3.      Remediate the FCPA violation – While remediation will be highly case-specific, companies will be required to: implement an effective compliance and ethics program; appropriately discipline employees; and take additional steps that demonstrates the company’s recognition of the seriousness of the FCPA violation, accepts responsibility for the violation, and implements measures to reduce future risk of misconduct.

In addition, the Pilot Program provides that companies should be required to disgorge all profits as a result of the FCPA misconduct.

Limited credit under the Pilot Program is also available where companies have not made voluntary disclosure, but where they have later fully cooperated and made timely and appropriate remediation.

DOJ Announces the Pilot Program’s Extension and Review

In his speech to the American Bar Association’s Annual Institute on White Collar Crime on March 10, 2017, Mr. Blanco announced that the Pilot Program will remain in place after April 5, 2017. At that time, the DOJ will begin reviewing the program’s “utility and efficacy” and consider whether it should be extended or revised. Until the DOJ reaches a final decision on those issues, the program will continue.

Mr. Blanco closed his remarks by highlighting both the DOJ’s commitment to prosecuting international crime and the international trend towards pursuing corruption:

It is clear that global investigations of corruption are on the rise.  We are seeing that often within a close temporal proximity of our prosecutions, other countries are also taking action.  It is no longer just us and a few other countries.


As I said last year at a corruption and white collar crime forum in Bogota, Colombia, the current trend of international cooperation among our counterparts who are all fighting transnational financial corruption and other white collar crimes reminds me of the 1960s song made popular by the singing group Martha and the Vandellas – the lyrics of which are the appropriate message for all the corrupt officials and bad actors, foreign and domestic: Nowhere to run baby, Nowhere to hide.

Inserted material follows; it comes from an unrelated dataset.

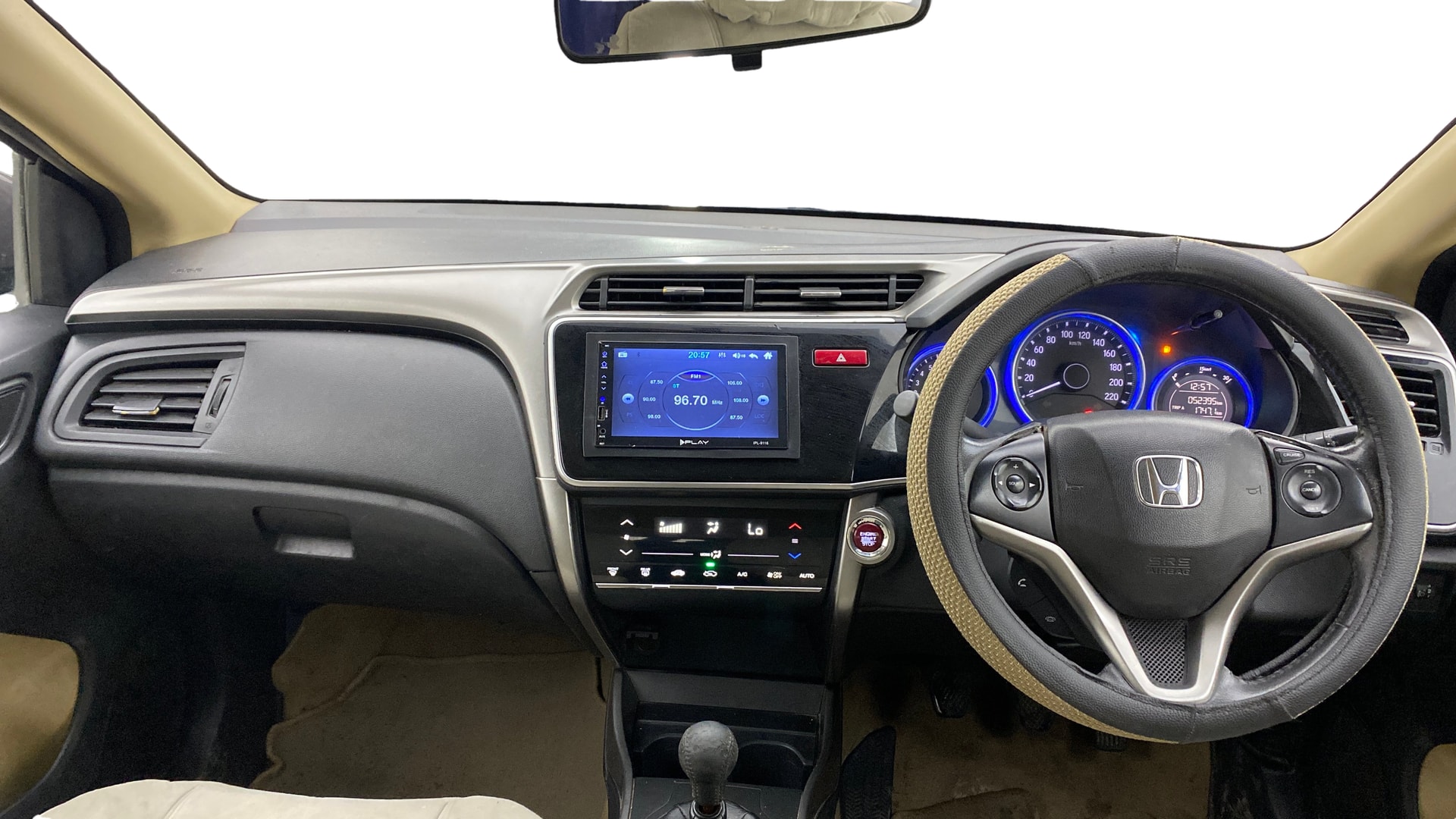 View 2015 Honda City ZX MT Diesel Anniversary Edition Image 30 Used 2015 Honda City ZX MT Diesel Anniversary Edition Image 30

Implications for Canadian Business with Operations in the United States

FCPA enforcers experienced a record year in 2016. A panel at the ABA’s 2017 Annual Institute on White Collar Crime noted that the degree of multijurisdictional cooperation is increasing, which is a significant factor in the record number of FCPA resolutions – 27 companies paid approximately $2.48 billion in penalties and disgorgement in 2016.

Under the Canadian equivalent to the FCPA, the Corruption of Foreign Public Officials Act (the “CFPOA”), Canada does not have an equivalent to the Pilot Program, in that it has not formalized the necessary requirements to obtain leniency, or the implications of self-reporting on offenses under the statute. Whereas the U.S. Securities and Exchange Commission is responsible for pursuing FCPA matters south of the border, enforcement of the CFPOA is largely policed by the RCMP. Perhaps giving responsibility for such matters to a regulatory body such as the proposed Canadian Cooperative Capital Markets Regulatory Authority, even on the basis of shared jurisdiction, would assist in the execution of a more coherent enforcement approach. 

On a related note, at a recent roundtable discussion at Osler, a panel comprised of Canadian regulators and law enforcement and former US regulators discussed various cross-border securities and anti-trust enforcement issues. A general comment from the Canadian panelists was that Canada tends to ultimately follow the US enforcement regime – but perhaps several years after the fact. It remains to be seen whether Canada will institute a similar cooperation program, and whether it will have the effect of increasing CFPOA prosecutions in Canada.